Learning to Hop for a Single-Legged Robot with Parallel Mechanism
Hongbo Zhang, Xiangyu Chu, Yanlin Chen, Yunxi Tang, Linzhu Yue, Yun-Hui Liu, Kwok Wai Samuel Au
TL;DR
The paper tackles continuous hopping control for a highly dynamic single-legged robot using a parallel 3-RSR leg, where accurate simulation of the parallel mechanism is difficult and the aerial phase is prolonged. It proposes a reinforcement learning framework trained on a serial-template model with a torque-level conversion to bridge serial training and real parallel hardware, augmented by a beta-VAE encoder–decoder for long-history proprioception and explicit base-velocity estimation. The approach includes domain randomization and a Jacobian-based torque mapping to enable robust sim-to-real transfer, with ablation results showing the importance of explicit velocity and latent-state representations. Real-world experiments demonstrate zero-shot transfer and superior performance against a SLIP-based baseline, indicating practical impact for underactuated parallel-legged robots and suggesting broader applicability to similar systems.
Abstract
This work presents the application of reinforcement learning to improve the performance of a highly dynamic hopping system with a parallel mechanism. Unlike serial mechanisms, parallel mechanisms can not be accurately simulated due to the complexity of their kinematic constraints and closed-loop structures.
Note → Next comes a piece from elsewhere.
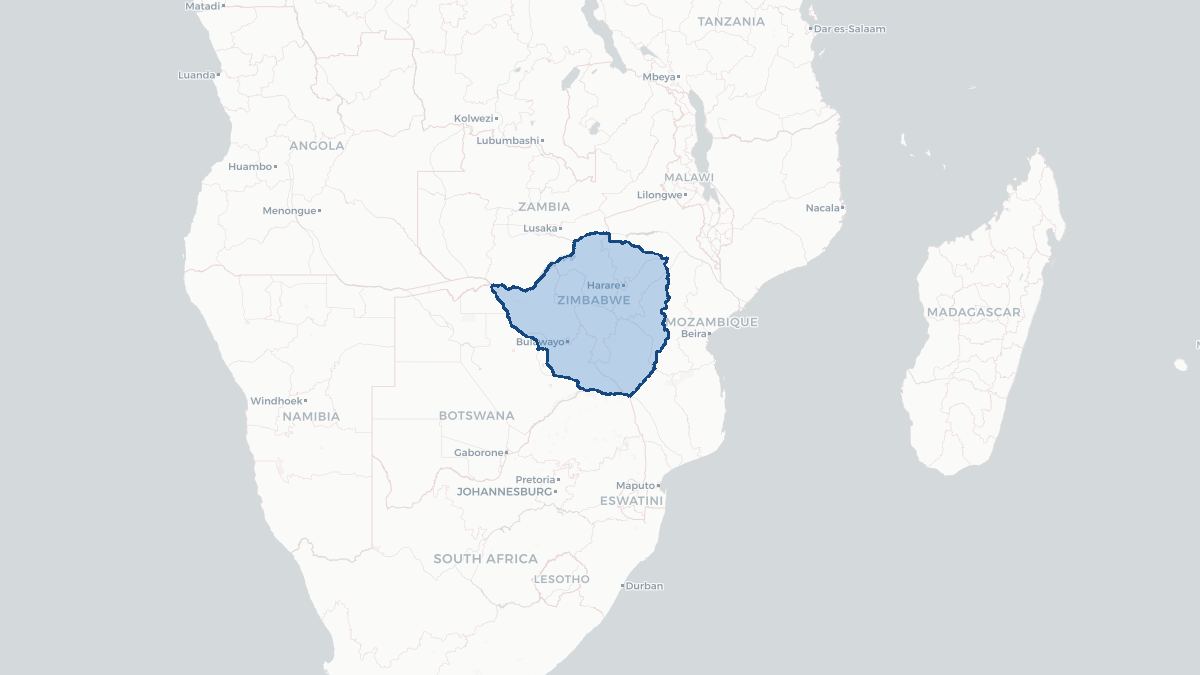 Map of Zimbabwe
Besides, learning to hop suffers from prolonged aerial phase and the sparse nature of the rewards. To address them, we propose a learning framework to encode long-history feedback to account for the under-actuation brought by the prolonged aerial phase. In the proposed framework, we also introduce a simplified serial configuration for the parallel design to avoid directly simulating parallel structure during the training. A torque-level conversion is designed to deal with the parallel-serial conversion to handle the sim-to-real issue. Simulation and hardware experiments have been conducted to validate this framework.